Evil comes from a failure to think. It defies thought for as soon as thought tries to engage itself with evil and examine the premises and principles from which it originates, it is frustrated because it finds nothing there. That is the banality of evil. (Hannah Arendt)
As Catholics enter Ordinary Time, we accept our responsibility to pray for our world, to love friend and foe, and yes, to think; but we do so as Catholics. Too much is at stake for us to allow forces within our world—those who do not look at the world through the eyes of Christ—to dictate the terms of the conversation.
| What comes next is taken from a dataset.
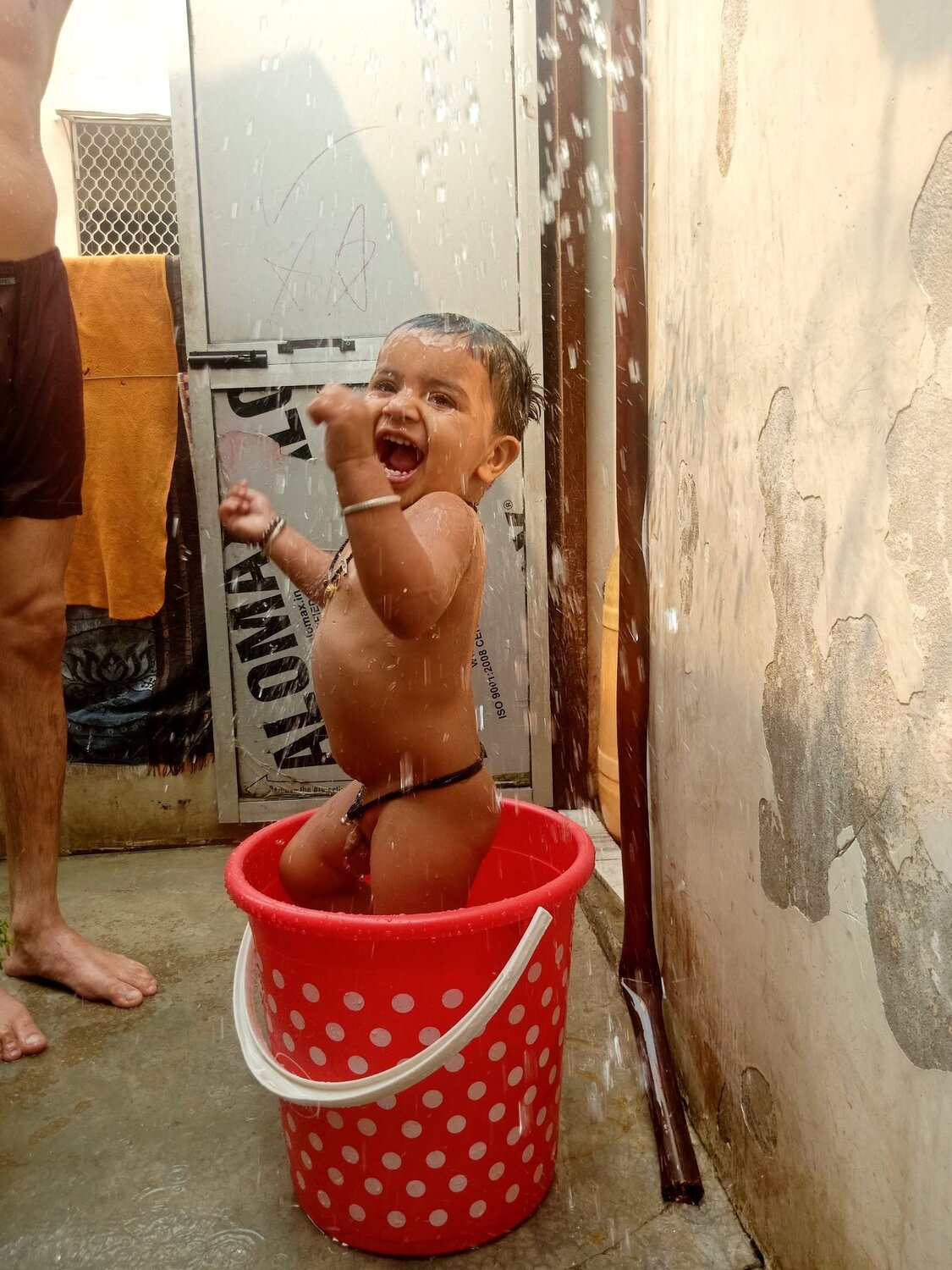 Photo #3541139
This week we behold the work of the Roman painter Placido Costanzi (1702-59), entitled Ecce Agnus Dei (“Behold the Lamb of God”). According to the J. Paul Getty Museum website, Costanzi blended the Baroque artistic sensibility—dramatic, intense, colorful—with the influence of Raphael. He was apparently given to the use of allegory: the depiction of highly symbolic objects, colors, gestures, etc. to refer to spiritual realities. Curiously, the center of the painting is not Christ, but rather the Baptist, who directs our attention away from himself, to the Lamb of God, standing at a distance. Indeed, if not for John pointing to our Lord dramatically, we might altogether miss him. Notice, too, that John is a massive presence in the painting, at least ten times the size of Jesus. Two chapters later in the Gospel (John 3:30) he will say of Jesus, “he must increase; I must decrease.” These two clues form the “lesson” of the painting. If not for the Christian who calls attention to the presence of the Son of God, the world whom he came to save might never notice him. But the way the Christian does this entails something modern culture finds quite onerous. One can only make room for the grace of God through what the Church calls “self-abnegation,” that is, the extinction of one’s own interests for the sake of the Kingdom of Heaven. This always, always, stings. Yet when the ego’s obsession with itself is brought under control, only then do we find true joy. (This occurs by God’s grace: not by positive thinking, or yoga, or self-empowerment, or a “healthy lifestyle.”)
Consider one more symbol: Jesus is standing across the Jordan River, among palm trees. These trees are an ancient figure for paradise. To be with Christ is by definition to be in heaven: eternal fullness of life. But notice what lies between one side of the river and the other: water, or death to sin. The peacefulness of the palm trees belies the action going on beneath the surface. Pope Benedict remarks that Jesus’ suffering
turns the underworld around, knocking down and flinging open the gates of the abyss…This struggle is the ‘conversion’ of being that brings it into a new condition, that prepares a new heaven and a new earth.
Friends, you and I are part of God’s solution to the mystery of evil in our world today. We embrace neither a naïve “I’d like to teach the world to sing” attitude, nor the arrogance of thinking we can “build” the Kingdom of Heaven by our own feats of spiritual engineering. Both are destined for failure. Instead, we are called to follow Jesus humbly, and love our neighbor without demand.